Fast Museum Searches: Go Concurrency and Caching
Intro
Hello!
In this post I plan on talking about how I receive artwork data and store it. Speed is paramount when creating successful websites, and making multiple API calls can really slow down a website. Since Museum Passport searches multiple Museum APIs, optimization is key to create a positive user experience. I will explain my strategies for making Museum Passport feel as fast as possible, and how I hope to make it even faster in the future.
Go Concurrency
One of the main reasons I chose Go for Museum Passport was its great concurrency features. One of the newer concurrency features of Go is the errgroup. Errgroup is basically a high level way of running multiple goroutines at once, rather than making channels to handle errors can get hard to manage. Instead, errgroup cleanly handles possible errors for you. Although errgroup returns only the first error it receives, it ends up being far cleaner than standard channels.
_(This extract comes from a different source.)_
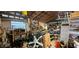 Interior of a cluttered garage featuring a wooden ceiling and window with many various items stored at 11617 Duda Rd, Hudson, FL 34667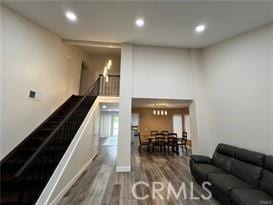 living area with stairs, wood finished floors, and recessed lighting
artworks := make([]*models.SingleArtwork, len(currentSearch))
g := new(errgroup.Group)
g.SetLimit(10)
for i, id := range searchIDs {
g.Go(func() error {
artwork, err := artworkAPICall(id)
if err != nil {
return err
}
artworks[i] = artwork
return nil
})
}
if err := g.Wait(); err != nil {
return nil, err
}
*NOTE: Go 1.22 fixed loop variable capture issues*
The very first line of code involves preallocating an empty slice to store the returned data. This is a safe way of allowing multiple goroutines to write to the same slice. There is no fear of resizing issues when each goroutine is preassigned its own spot in the slice.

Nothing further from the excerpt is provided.